As ITIL has now transitioned from Version 3 to ITIL 4, it has kept a pace with the speed of today’s businesses. There is, therefore, a visible shift from rigid processes to more flexible, seamless experiences. ITIL 4 has embodied the principles of Agile and offers a more holistic frame of reference to ITSM.
The key differences between ITIL and Agile are laid out in the table below:
|Focuses on processes and practices||Agile is a group of practices based on core values and principles|
|ITIL follows predefined traditions||Agile is innovative|
|ITIL 4 is in sync with Agile practices||Agile embraces and responds to change|
|ITIL does not seek feedback from end users||Agile teams believe in continual feedback, and improve their processes and the product after each iteration|
|ITIL requires comprehensive documentation||Agile believes in minimal documentation, only when needed and just enough|
|ITIL lays more emphasis on processes than on the customer, and believes that customer value is created by following the right methodology to fulfil SLAs (service level agreements)||Agile is customer-focused|
|ITIL creates a stable and sustainable IT environment||Agile has a flexible environment that supports change|
Head-to-Head Comparison Between ITIL and Agile
ITIL and Agile are both essential to the creation of business value. However, while Agile looks at improving the delivery of products or services, ITIL is focused on streamlining processes and practices. Both are complementary components of DevOps, which works to seamlessly integrate the interaction and flow between the two IT functions of development and operations. By blending together the key points of both frameworks, a successful DevOps culture can be built.
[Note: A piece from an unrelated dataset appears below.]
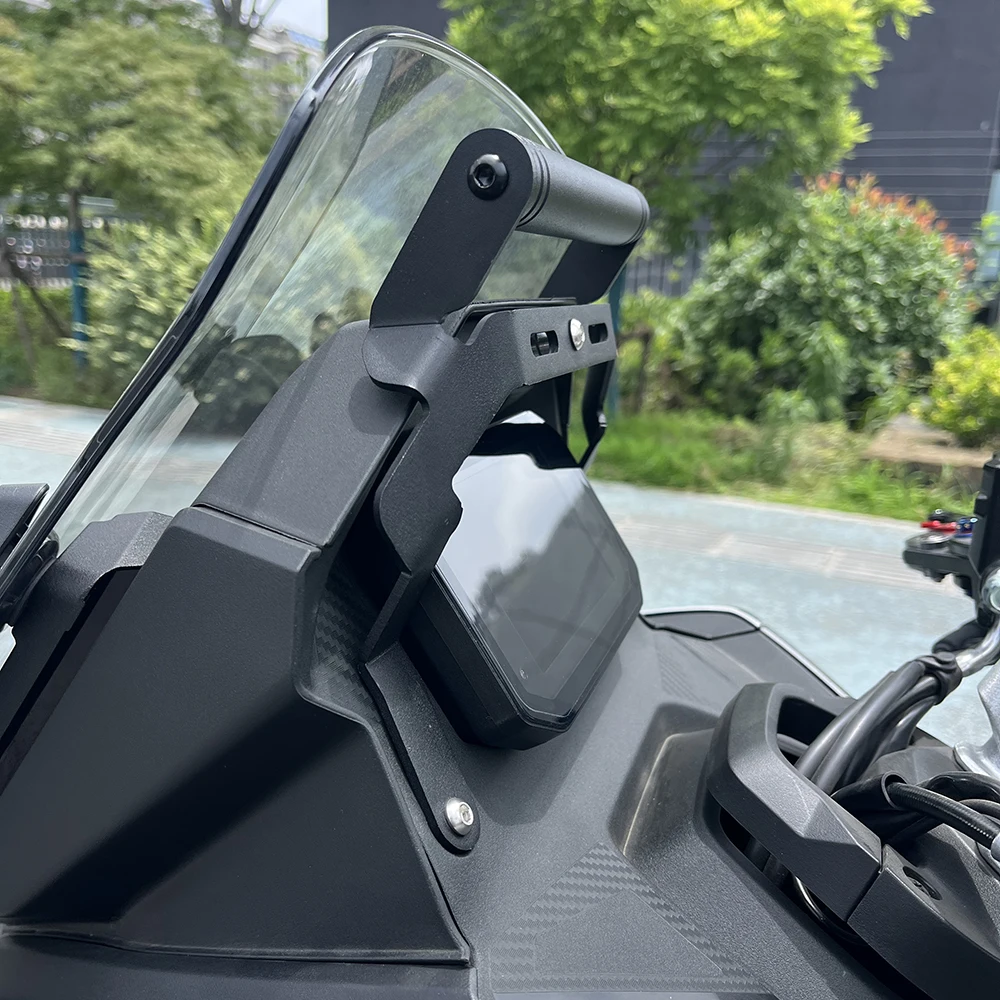 For VOGE SR1 ADV 125 ADV25 SR150S SR150 S SR 150 S 2025 Motorcycle Accessories Phone Holder Stand GPS Navigation Bracket Support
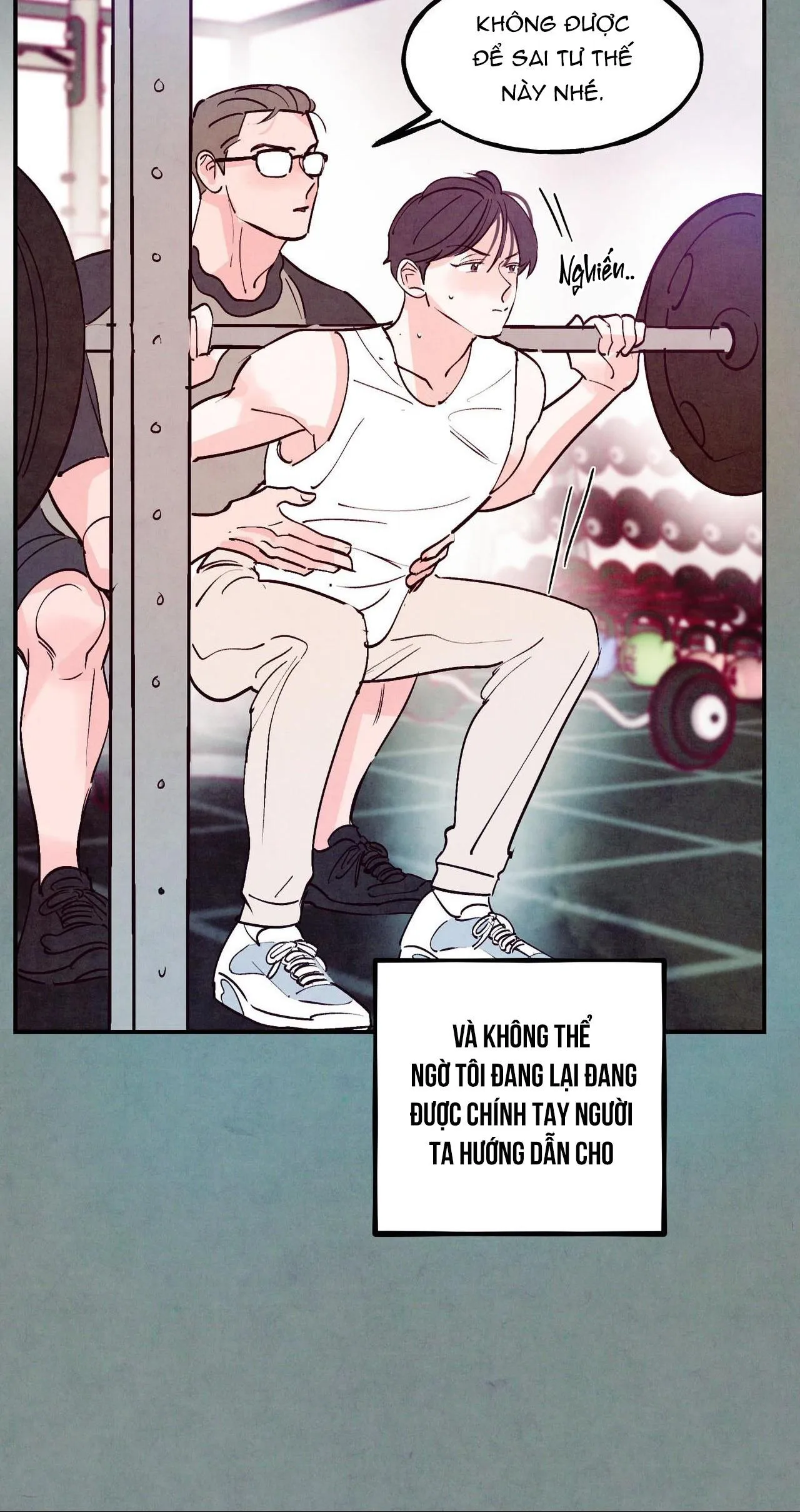 Say Tình Chapter 63 Trang 96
Can You Integrate Agile and ITIL?
As technologies keep evolving and organizations step up to stay ahead of these advancements, IT teams find themselves at the centre of transformations. Technologies like cloud computing, AI and IoT have fuelled innovative ways of working, which require agility in order to embrace the transformative changes necessitated by the industry.
Both Agile and ITIL have always focused on building products or services that meet customer needs and deliver high quality. They believe in keeping processes simple, acting quickly and streamlining value delivery—together offering a blueprint that maximizes the creation of value.
With the advent of ITIL 4, the ITIL framework had added Agility to the framework, in a transition that has proven to be a gamechanger. ITIL 4 embraces Agile and DevOps ways of working, and encourages a collaborative, iterative, and customer-centric approach to ITSM. ITIL 4 nudges teams toward a new frame of reference that is customer-centric and adapts more easily to what teams need, and how they work.
The most radical change that ITIL 4 has brought about to enable this shift is the concept of the Service Value Chain (SVS), which represents the interlinked set of activities that must be undertaken to create highly valuable products and services that are closely aligned to customer expectations. Along the way, inefficiencies, redundancies and bottlenecks are eliminated, improving delivery speed and optimizing resource allocation. Value and value-based tools are given an overarching emphasis in ITIL 4, with Lean thinking driving co-creation of value.
By seamlessly aligning Agile and ITIL to drive DevOps, organizations can pave the way to quality services with quick turnaround times.
The Last Word
Today’s businesses are in a state of constant change with advancements in technologies also happening at warp speed. This unpredictability needs to be reined in to create stability, while at the same time allowing for enough flexibility in order to adapt to the evolving changes. A combination of ITIL and Agile offers the best solution for business service management solutions. A DevOps approach that merges ITIL’s best practices with the smooth change management enabled by Agile, offers the perfect recipe for business success in an uncertain world.